Only the lines from the one containing "How are teeth" through the last line of the data below belong in your answer, copied exactly and without pictures.

Material provided below:

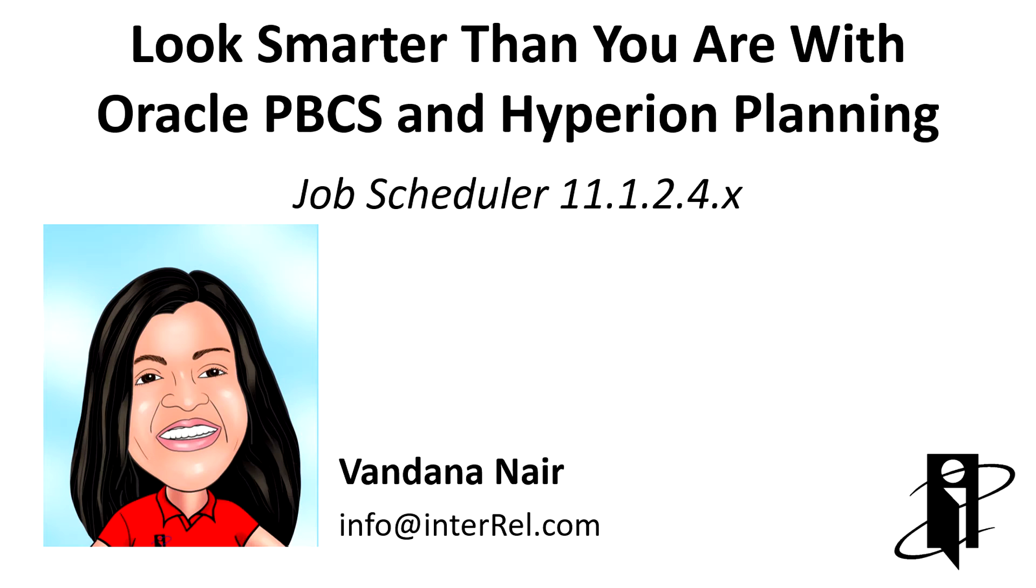Hi, this is Vandana Nayar from Interop Consulting. Today I'm going to walk you through the new job scheduler feature for PBCS and Hyperion Planning.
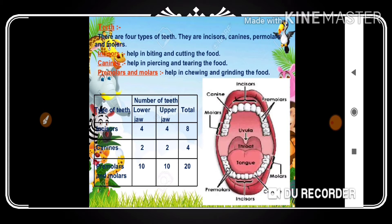How are teeth helpful to us? When food enters the mouth, the teeth start crushing it. Different teeth perform different functions: some grind, some pierce, some bite, and some cut. This converts complex food into a simpler, partially broken-down form. A little saliva is also added, converting solid food into semi-solid food.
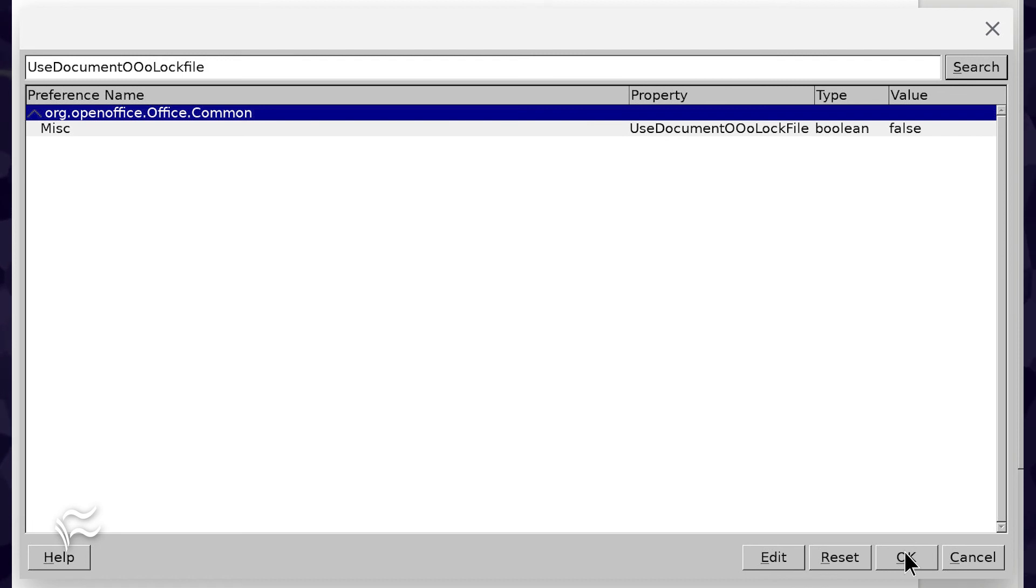Once you've made those changes, click OK in the Expert Configuration window, close out the Options window, and restart LibreOffice.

End of Material provided.

= Your solution =
How are teeth helpful to us? When food enters the mouth, the teeth start crushing it. Different teeth perform different functions: some grind, some pierce, some bite, and some cut. This converts complex food into a simpler, partially broken-down form. A little saliva is also added, converting solid food into semi-solid food.
Once you've made those changes, click OK in the Expert Configuration window, close out the Options window, and restart LibreOffice.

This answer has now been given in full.